Kodak intended to and was successful, through these policies, in making it more difficult for ISOs to sell service for Kodak machines. ISOs were unable to obtain parts from reliable sources, and many were forced out of business, while others lost substantial revenue. Customers were forced to switch to Kodak service even though they preferred ISO service.

Kodak argued that it could not have the power to raise prices of service and parts above the level that would be charged in a competitive market, because any increase in profits from a higher price in the aftermarkets at least would necessarily be offset by a corresponding loss in profits from lower equipment sales as consumers began purchasing equipment with more attractive service costs from other sellers. It urged the Court to adopt an irrebuttable presumption or substantive legal rule that "equipment competition precludes any finding of monopoly power in derivative aftermarkets."

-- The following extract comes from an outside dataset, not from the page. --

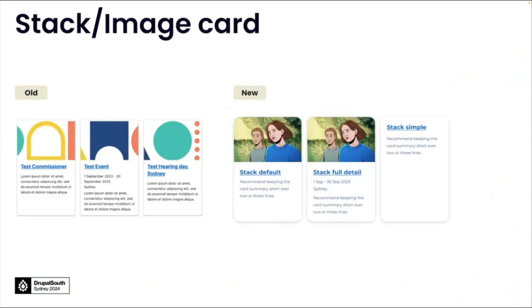We made minor styling improvements to the stack or image card — basically the same sort of treatment as before, keeping consistency across the site: rounded corners, improved drop shadows, and padding around the content within the card.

The Court refused to do that. It insisted that this was a fact issue, not something to be decided by theory. Kodak was equally insistent that the existence of market power in the service and parts markets, absent power in the equipment market, "simply makes no economic sense," and the absence of a legal presumption would deter procompetitive behavior.

The Court refused to accept Kodak's economic theories and responded that they were flawed:

Kodak's proposed rule rests on a factual assumption about the cross-elasticity of demand in the equipment and aftermarkets: "If Kodak raised its parts or service prices above competitive levels, potential customers would simply stop buying Kodak equipment. Perhaps Kodak would be able to increase short term profits through such a strategy, but at a devastating cost to its long term interests."Kodak argues that the Court should accept, as a matter of law, this "basic economic realit[y]" that competition in the equipment market necessarily prevents market power in the aftermarkets.Even if Kodak could not raise the price of service and parts one cent without losing equipment sales, that fact would not disprove market power in the aftermarkets. The sales of even a monopolist are reduced when it sells goods at a monopoly price, but the higher price more than compensates for the loss in sales. Kodak's claim that charging more for service and parts would be "a short-run game" is based on the false dichotomy that there are only two prices that can be charged—a competitive price or a ruinous one.But there could easily be a middle, optimum price at which the increased revenues from the higher priced sales of service and parts would more than compensate for the lower revenues from lost equipment sales. The fact that the equipment market imposes a restraint on prices in the aftermarkets by no means disproves the existence of power in those markets. Thus, contrary to Kodak's assertion, there is no immutable physical law—no "basic economic reality"—insisting that competition in the equipment market cannot coexist with market power in the aftermarkets.

The real underlying problem with Kodak's theories, echoed by the United States (Antitrust Division) as amicus curiae, is that it unrealistically postulates an all-knowing equipment purchaser:

[Copier equipment] consumers must inform themselves of the total cost of the "package"—equipment, service, and parts—at the time of purchase; that is, consumers must engage in accurate life-cycle pricing. Life-cycle pricing of complex, durable equipment is difficult and costly. In order to arrive at an accurate price, a consumer must acquire a substantial amount of raw data and undertake sophisticated analysis. The necessary information would include data on price, quality, and availability of products needed to operate, upgrade, or enhance the initial equipment, as well as service and repair costs, including estimates of breakdown frequency, nature of repairs, price of service and parts, length of "downtime," and losses incurred from downtime.Much of this information is difficult—some of it impossible—to acquire at the time of purchase. During the life of a product, companies may change the service and parts prices, and develop products with more advanced features, a decreased need for repair, or new warranties. In addition, the information is likely to be customer specific; lifecycle costs will vary from customer to customer with the type of equipment, degrees of equipment use, and costs of downtime.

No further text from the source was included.